In many crisis situations, an expert might counsel both the offender and her employee on ways to 1) say I’m sorry and 2) to make amends. In many crisis situations the public is willing to 1) forgive and 2) give a person a second chance.
This crisis is different. This is a crisis of character that speaks to the core of who 1) Britt McHenry is and 2) the character of the ESPN sports network and its executive staff.
Character is doing the right thing, regardless of whether anyone sees you; regardless of whether you are in public or private.
The interesting twist to the Britt McHenry saga can be found by reading the comments section on any website that has run a story about her rant. The overwhelming consensus is that this could never be a one-time situation. The consensus is that the words McHenry used shows she has an ego and superiority complex that is difficult for most humans to fathom.
In case you don’t remember the words she said to the clerk at the towing company that towed her car include:
“I’m in the news sweetheart and I will fu*&ing sue this place.”
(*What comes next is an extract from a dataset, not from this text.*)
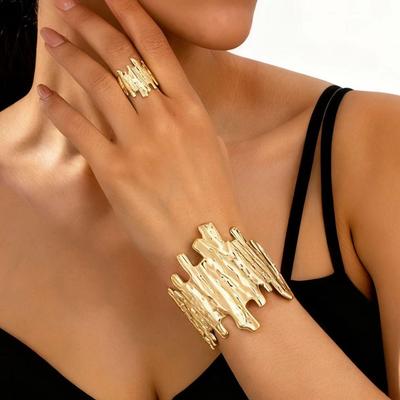 Minimalistyczny Metalowy Otwarty Pierścionek-Bransoleta Zestaw - Elegancka i Wszechstronna Biżuteria Fashion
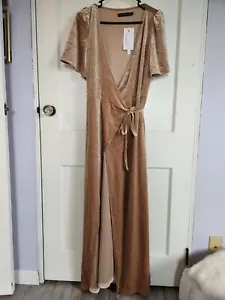 Merokeety V-Neck Bell Sleeve Wrap Velvet Split Maxi Dress, Champagne, Sz S - NWT - Picture 1 of 10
“That’s why I have a degree and you don’t.”
“With no education, no skill set, just wanted to clarify that.”
“Do you feel good about your job? So I could be a college drop out and do the same thing.”
“Maybe if I was missing some teeth they would hire me huh?”
“Oh, like yours cause they look so stunning. Cause I’m on television and you’re in a fu*King trailer honey. Lose some weight baby girl.”
There is room the collective hearts of viewers to forgive someone who has committed a wrong. But forgiveness does not have to go hand in hand with employing someone with such a flawed character, especially when there are many other people with more talent and a nicer personality who can do the job the McHenry was blessed to have.
ESPN – Your character is on the line as much as McHenry’s character is on the line.
ESPN – I hope you set an example for your viewers and your employees by not keeping McHenry on the air or on your payroll.
To keep her on the air sends a message that, “This was a close call and I’ll have to be careful not to get caught again.” To terminate her sends a message that it is time for her to reflect on who she is and whether she can truly change her ways.